We do have one very tangible achievement from the experimentations of the Indian alchemists- steel. This metal backbone that comprises most of our skyscrapers, airports, railways and bridges was first created in clay pots called ‘crucibles’ by enterprising alchemists who mixed up bits of iron and charcoal in the crucibles then roasted them in furnaces at extremely high temperatures. Alchemists are all about experimenting, taking every natural element from their environment, and asking the question, “what happens if…?” and then proceeding to boil, smash, combine, burn, soak every combination they can think of. The result from roasting iron and charcoal in the clay crucibles were the world’s first pure steel ingots, with even amounts of carbon distributed through the steel. This made the metal shatter resistant and tough, and able to be sharpened to a razor-sharp edge. Indian steel became famous through the ancient world. Remember in an earlier episode of this series, I talked about how when Alexander the Great conquered Persia he took all the gold in Persia as his war prize? Well, when Alexander conquered India in 327 BC, he claimed 2.7 tons of the alchemist’s best steel as his winnings. Some Indian alchemists traveled to Damascus in Syria and set up a famous sword making guild. This Damascus steel was so legendary for it’s high quality that it inspired the “Valyrian steel” in the book and tv series Game of Thrones.

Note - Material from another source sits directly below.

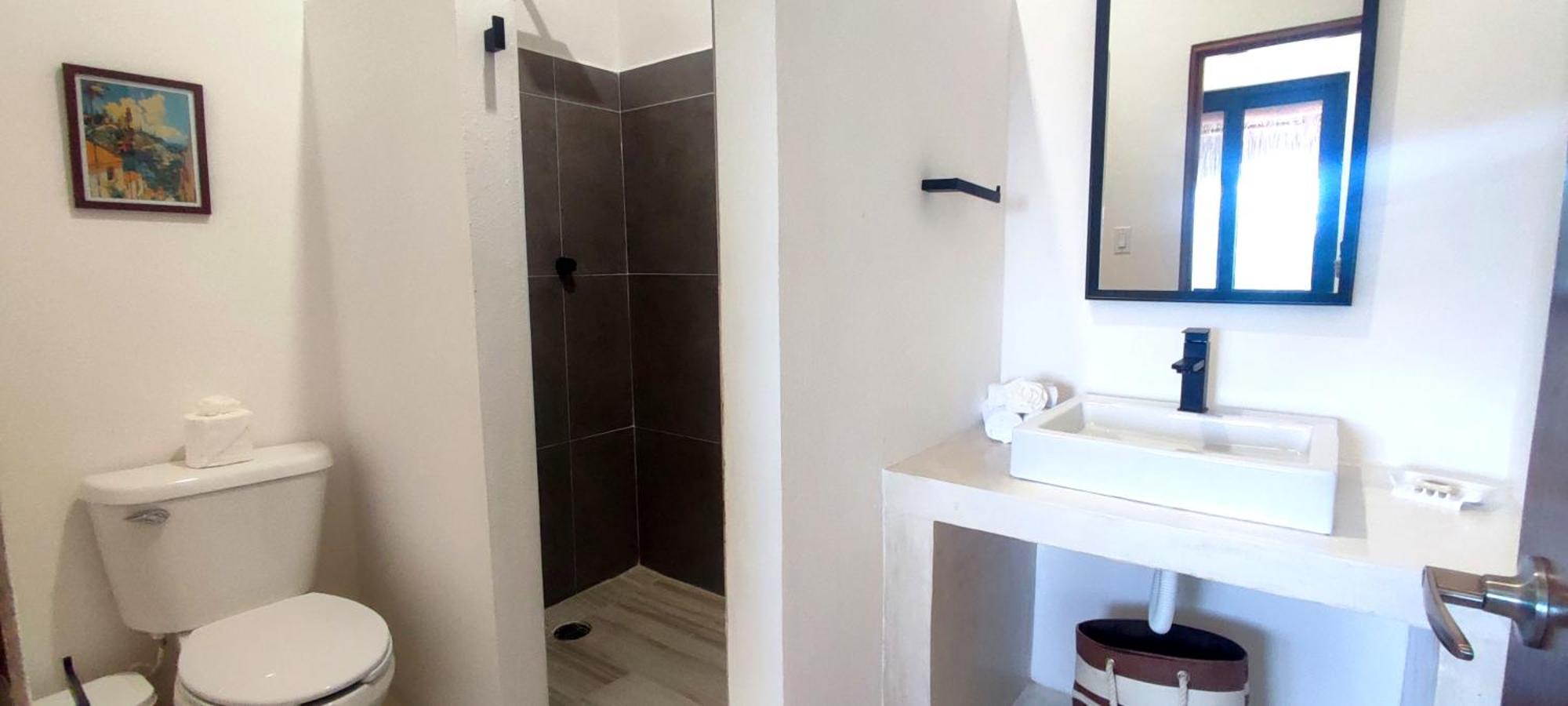 Aparthotel Valentina By Flores Vacation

But like I mentioned earlier, steel is more than swords now, it has gone on to be crucial to so much of our modern world. In 2012 the World Steel Association stated the industrialized world went through 1.4 billion tons of steel. So, let’s add ‘the most ubiquitous building material’ to the list of technological discoveries inadvertently created so far in mankind’s quest to make gold.

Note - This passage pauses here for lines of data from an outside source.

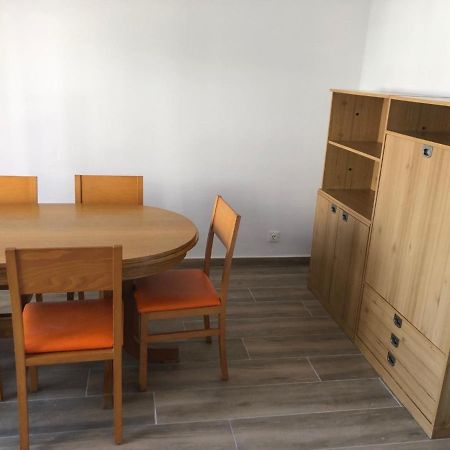 Planta Baixa Amb Jardi I Vistes Al Mar Apartment Llanca Bagian luar foto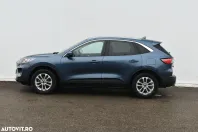 Ford Kuga din 2023 cu 109.502 km - oferta FOR150539 - foto 7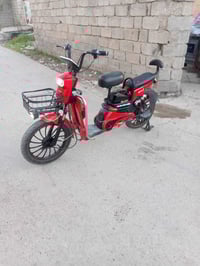 موديل ٢٥ • بطاريات ٥ • ديالى الغالبيه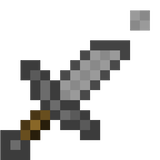 Stone Swords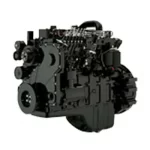 Động cơ Diesel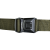 Ремінь тактичний Taipan Camotec, 125 х 3.8 см. Олива 6
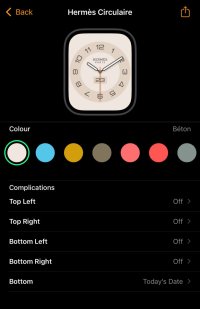 IMG_1889.jpeg
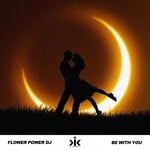 cover: Flower Power Dj - Be With You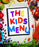 The Kids Menu (MOD) (BluRay Movie)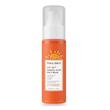 کرم ضدآفتاب SPF50 مینرال مارودرم 50 میل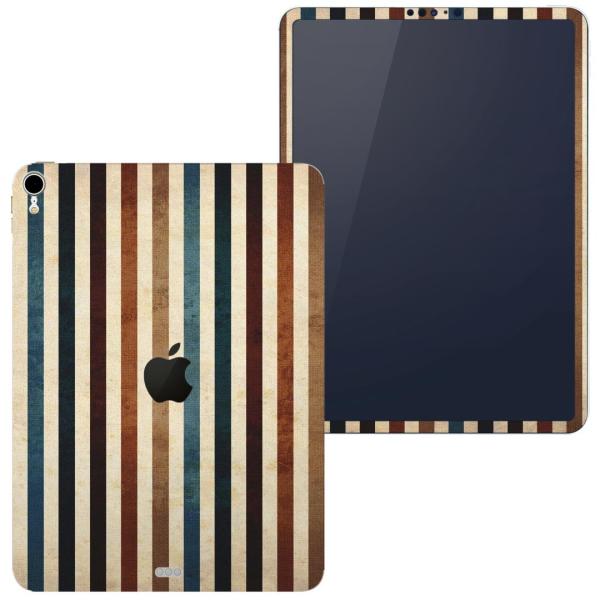 z֐p iPad Pro 12.9 inch C` apple Abv ACpbh 2018 3 A1876 A1895 A1983 A2014  XgCv@g@ԁ@@͗l 008433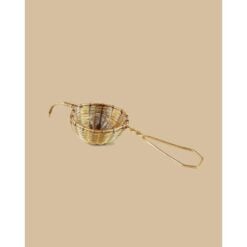 anima-mundi-brass-tea-strainer-small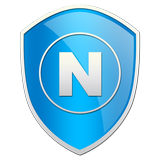 NetSpark Parental Control icon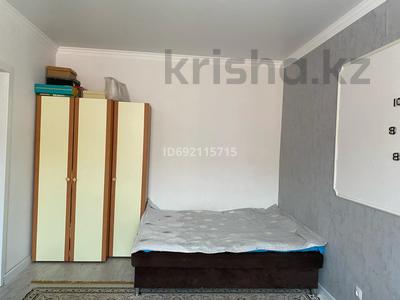 1-комнатная квартира, 33.45 м², 4/5 этаж, ЖМ Лесная поляна 41 за 9.6 млн 〒 в Косшы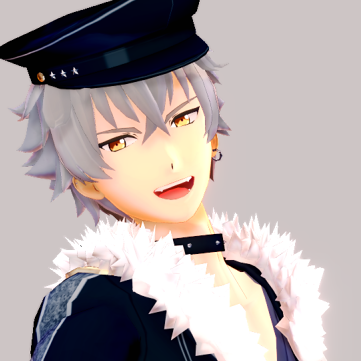 ブチコ (@Buchico_mmd) / X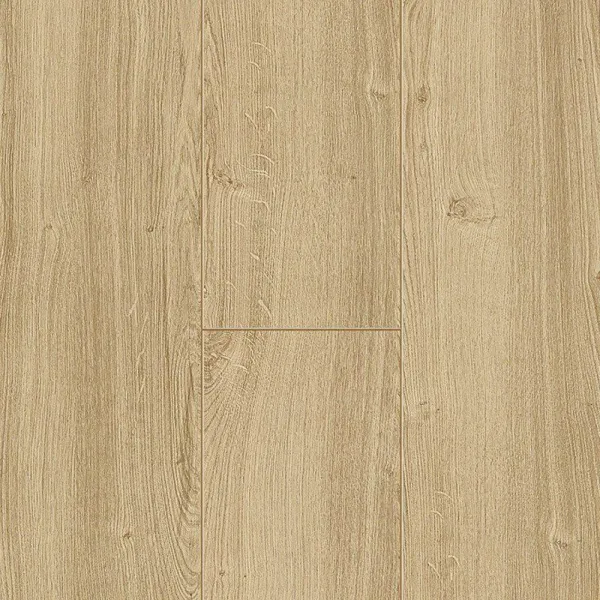 Ламинат Balterio Fortissimo дуб Койот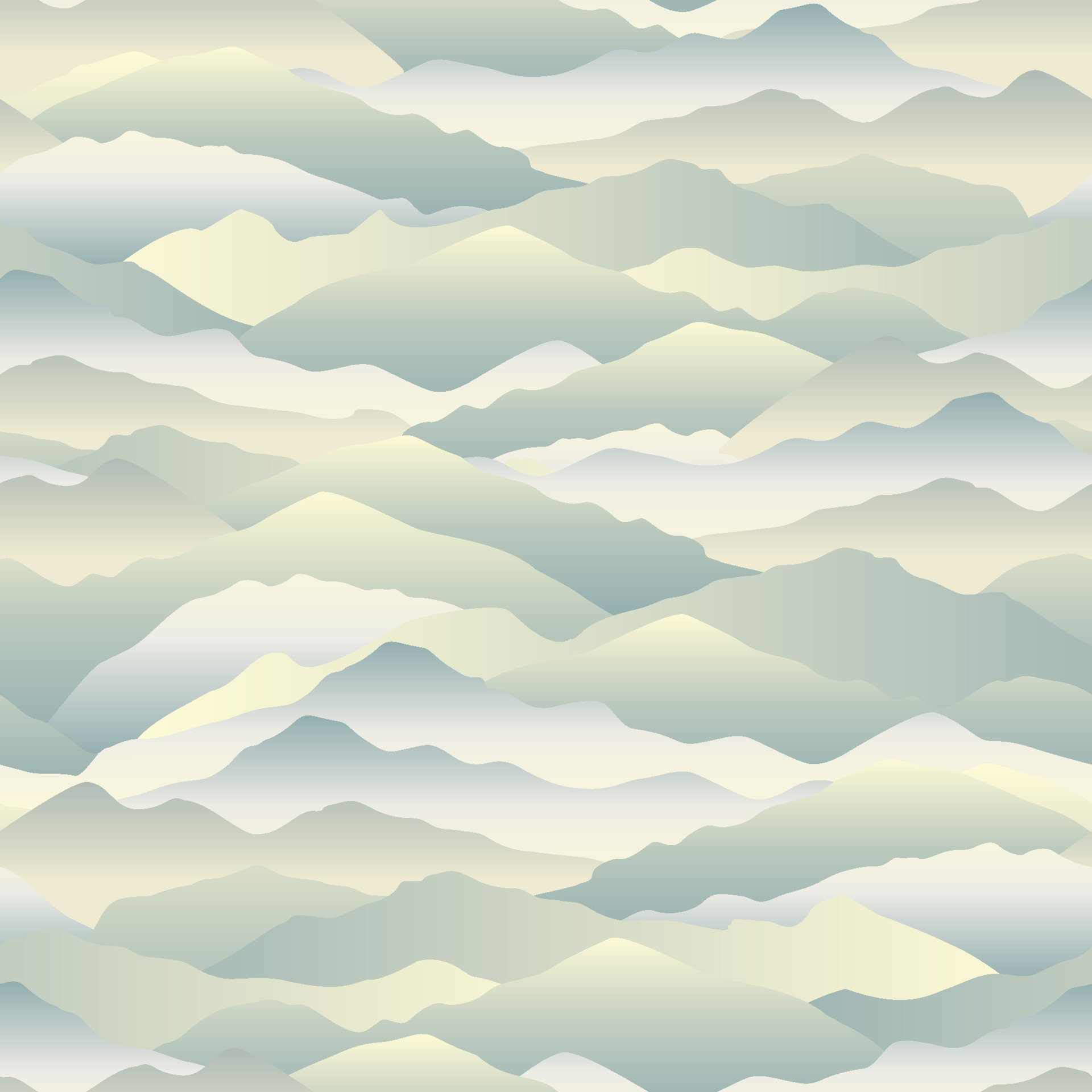 mountain texture seamless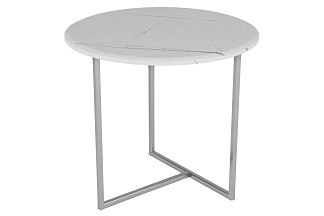 Стол журнальный Альбино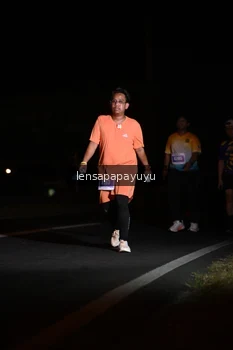 Runner Photo 4929688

I can only daydream about what creations we could unlock from the ancient Indian alchemists if we could only get those 655 Sanskrit documents translated and analyzed.

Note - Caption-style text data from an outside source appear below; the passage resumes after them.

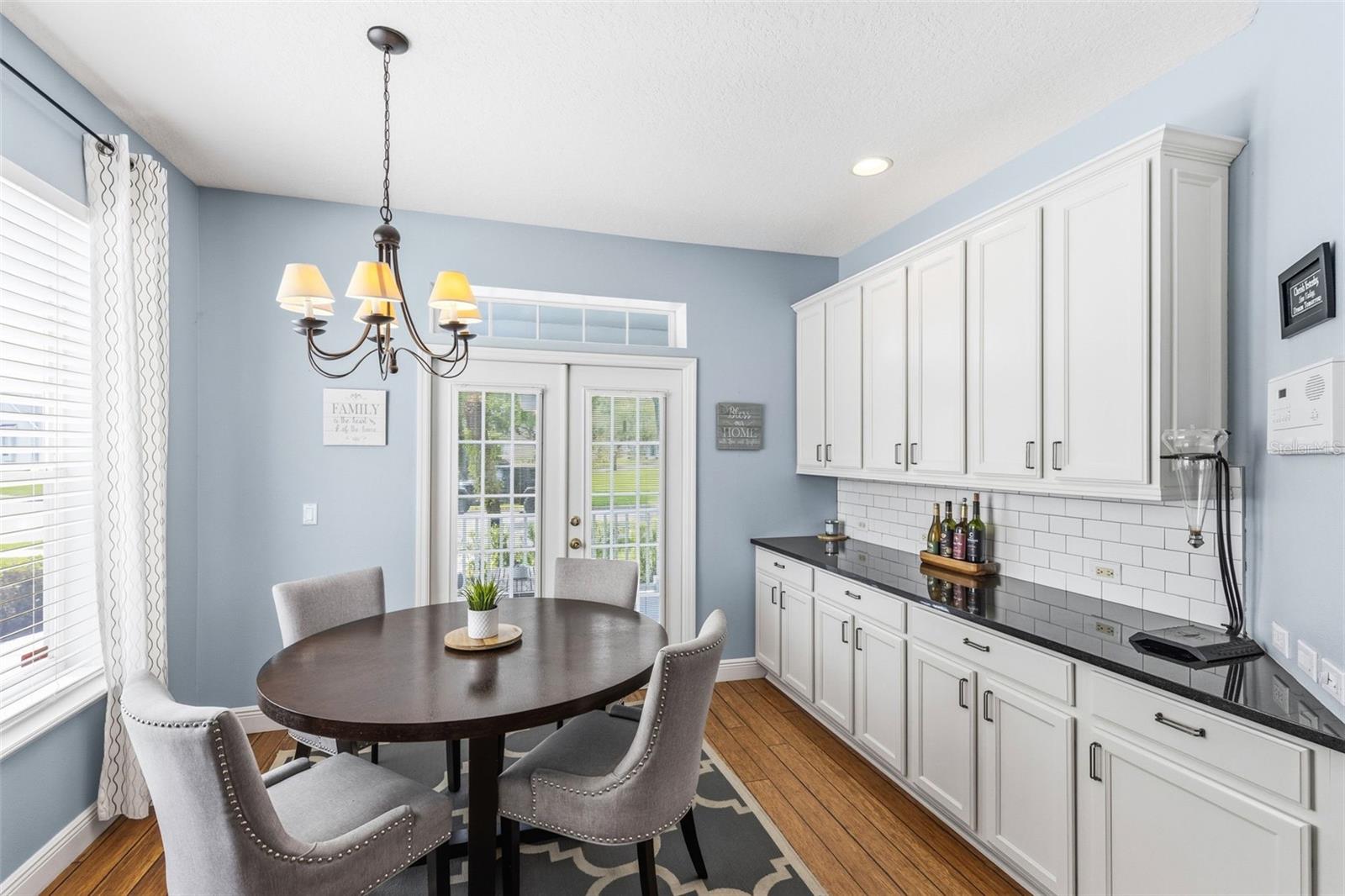 13225 SHARSWOOD CIR, ORLANDO, FL, 32828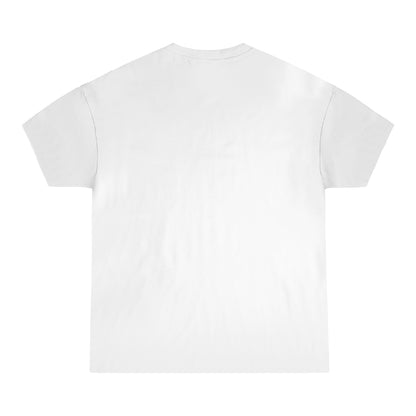 Almost the Year Tee I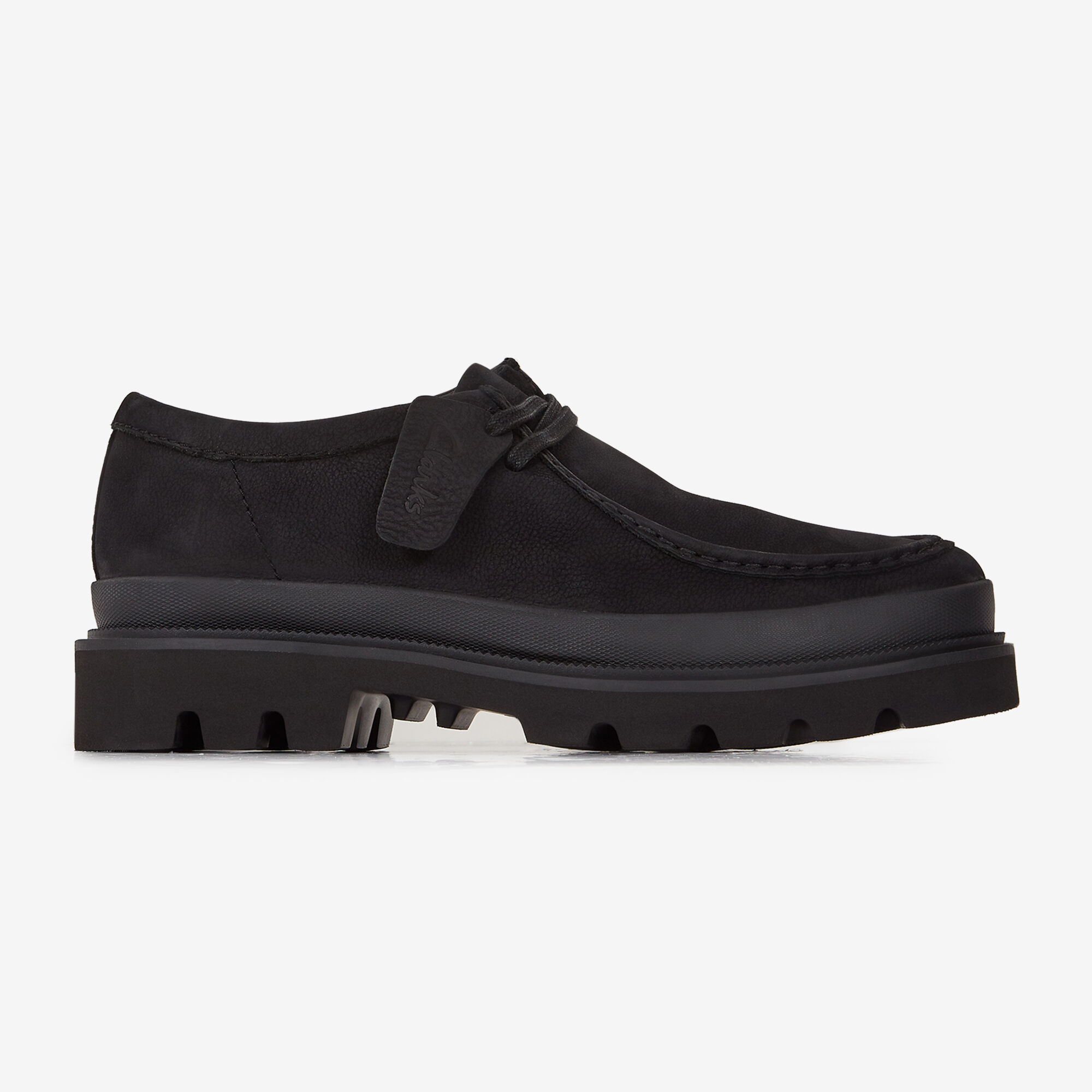 Clarks top en ligne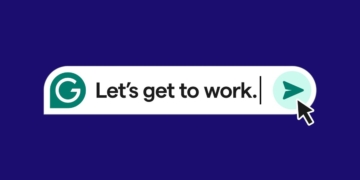 This acquisition hints at Grammarly’s AI agent future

Let’s leave China and India and cross the Aegean Sea to Greece. When it comes to the ancient Greeks and alchemy… they had the approach of “work smarter, not harder” … it is a lot easier to jumpstart your work if you use the preestablished knowledge base. That’s a fancy way to say they were copy-cats. It is pretty accepted by historians that the Greek’s alchemy practices were heavily copycatted off of first century Egypt. And while the Greeks no doubt had a wealth of alchemical information flowing into their country during ancient times… unfortunately hardly anything was preserved for our modern-day study. Our knowledge of the ancient Egyptian alchemy practices is limited. And it’s limited because of one dude with some matches. A real jerk of a Roman emperor named Diocletian (dai-uh-klee-shn) put down an Egyptian revolt- they didn’t like being under Roman rule, go figure- and in retaliation for the Egyptian’s daring to put up a fight… Diocletian burned all their alchemical books. Diocletian claimed this was a safeguard to prevent Egypt from creating it’s own gold and silver and messing up the Roman economy. …what? Were the Egyptian alchemists so good at their job that a possible flood of created gold coins was about to tank the Greek market? It is so intriguing to me that even without tangible proof, it’s like there was this “better safe than sorry” approach to alchemy. Like, “hey- there’s no way this works… but you know what- just in case, burn everything.” It’s a loss for history though. I have a personal visceral response to burning documents. It wasn’t a complete erasure of Egyptian alchemical works- there are two famous papyrus documents that give us almost everything we know about Egyptian alchemy. They survived the Roman emperor’s burning party because they were safely buried in a tomb in Thebes, Egypt. They sat there a vvveeery long time, haha.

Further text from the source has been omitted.